What is needed is an exact repetition of the lines below, from the first one through the one holding "Gap year students in Seoul chatting at table", with no pictures and nothing else.
╭──
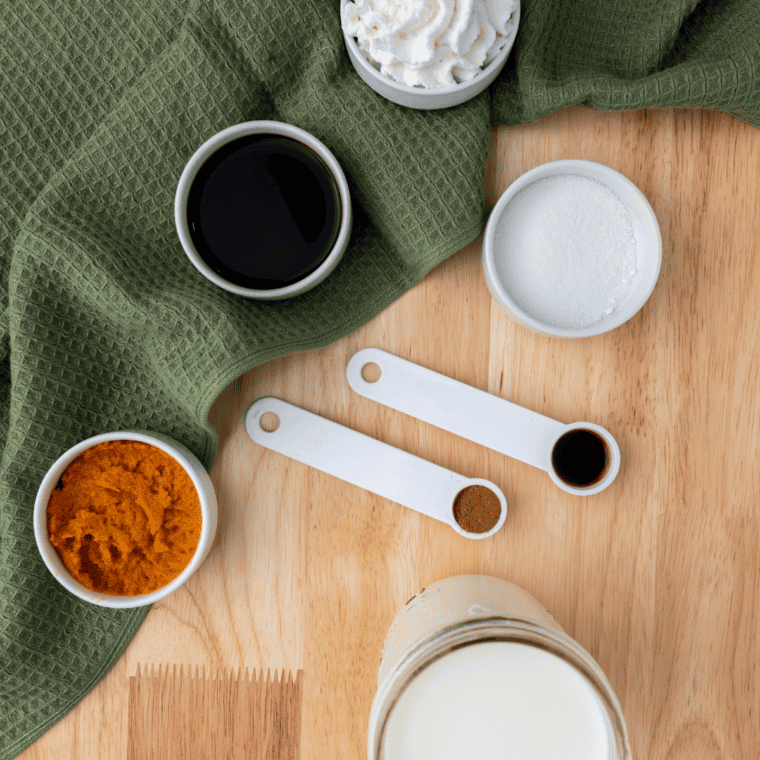 Cinnamon, ginger, nutmeg, and allspice measured in bowls to make copycat McCormick pumpkin pie spice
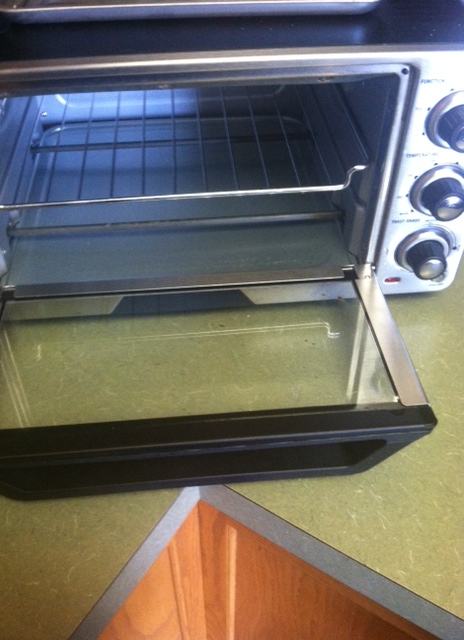 The toaster oven involved in the incident. Notice the unprotected heating element.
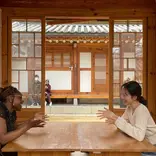 Gap year students in Seoul chatting at table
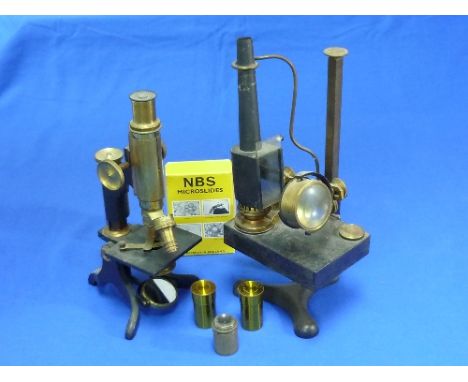 A vintage Microscope, black and brass, signed with crowned "DA&S" monogram, together with slides and accessories, including a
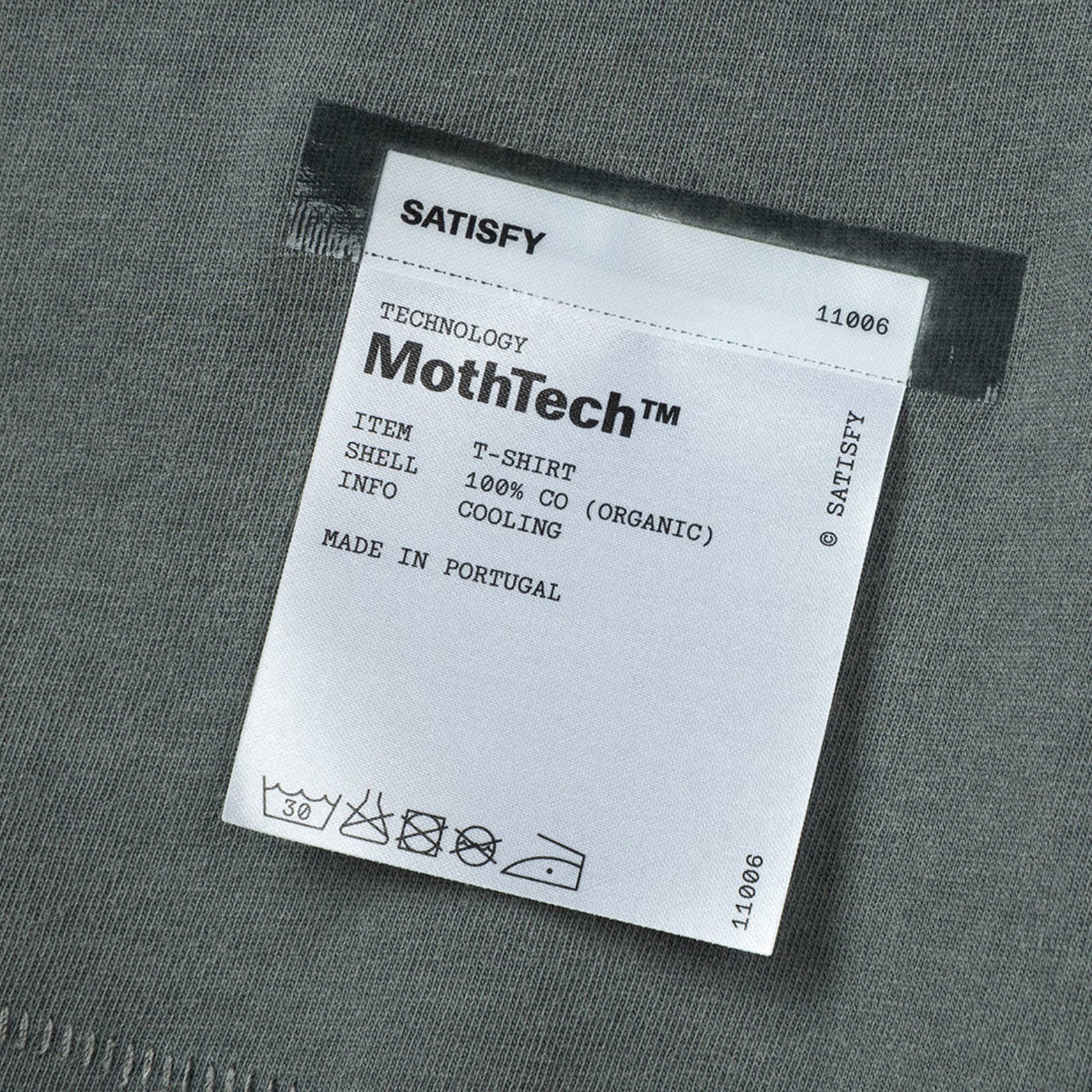 Satisfy MothTech Tee Faded Black close-up of fully detachable exterior care label with nothing inside interfering with skin contact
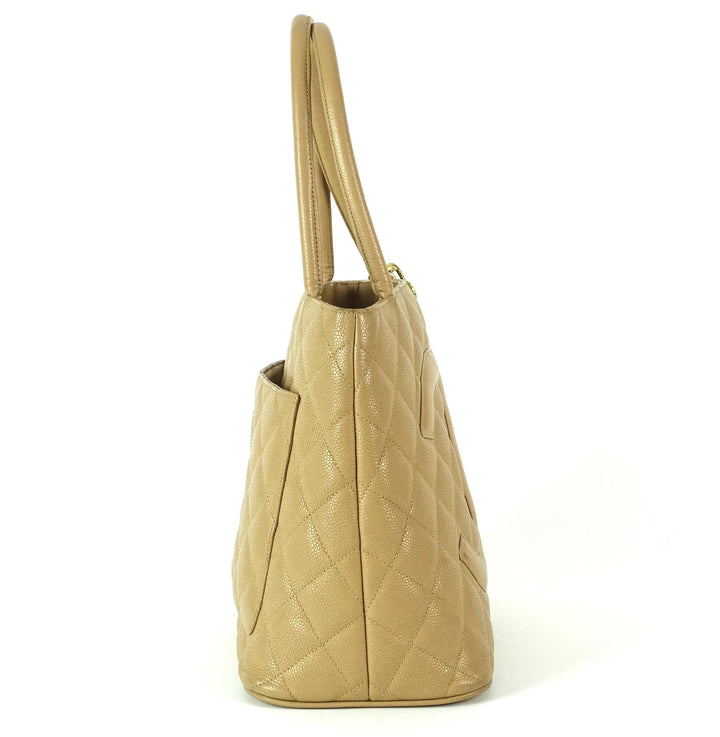 quilted caviar leather suspended medallion tote bag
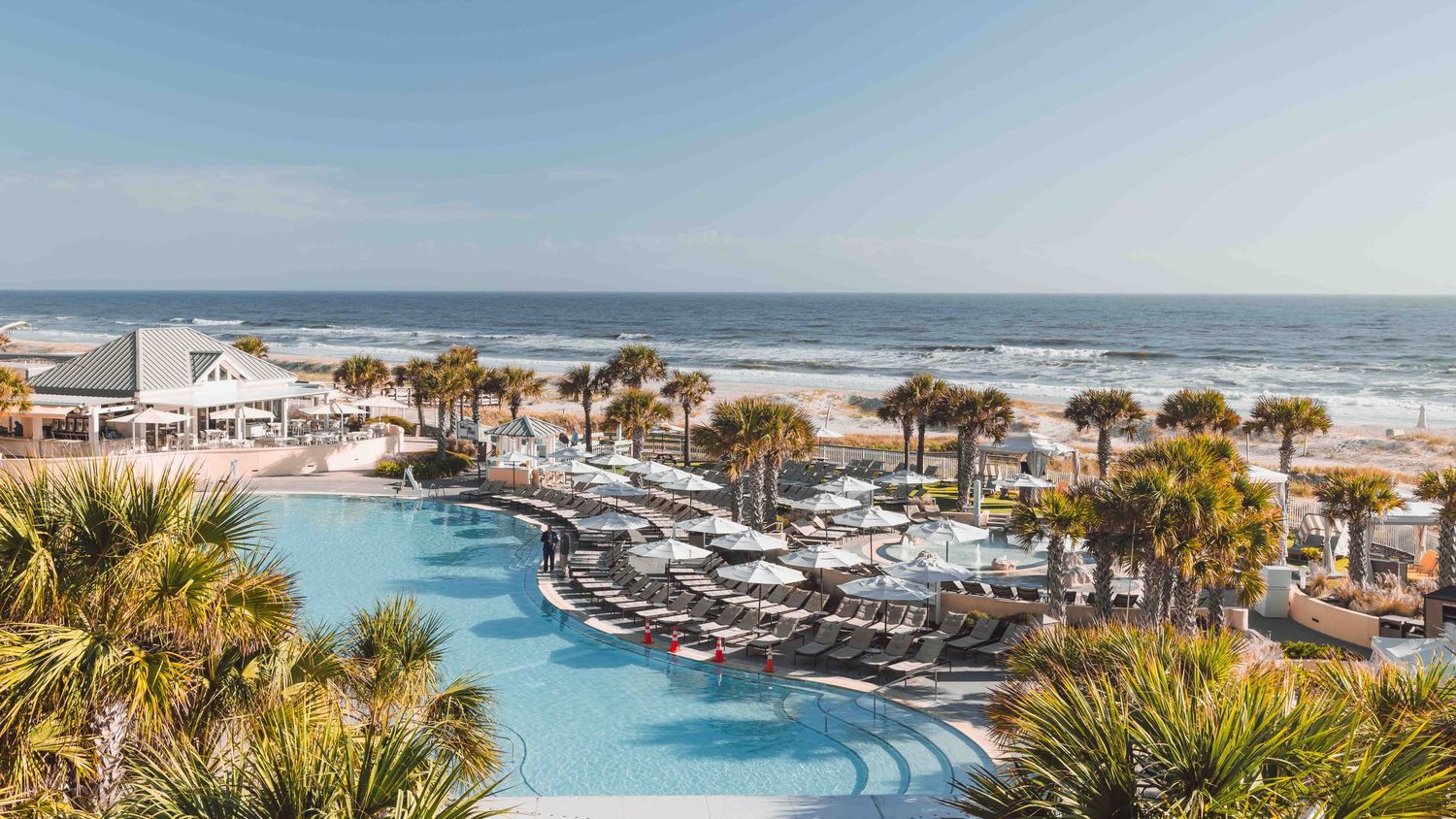 Luxurious beachfront resort with winding pool, palm trees and lounge chairs overlooking the ocean on a sunny day.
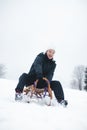 Teenager caught riding on a wooden sledge trying to adjust his direction with his hand and concentrating on his ride. In winter,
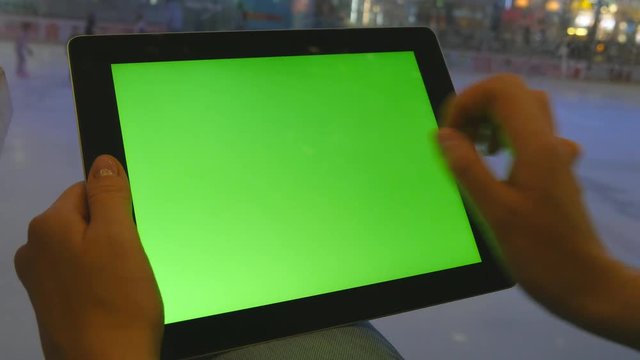 Female hands using tablet pc with green screen in shopping mall. Lot of people skate on indoor ice rink at the background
╰──
WRITTEN ANSWER
 Cinnamon, ginger, nutmeg, and allspice measured in bowls to make copycat McCormick pumpkin pie spice
 The toaster oven involved in the incident. Notice the unprotected heating element.
 Gap year students in Seoul chatting at table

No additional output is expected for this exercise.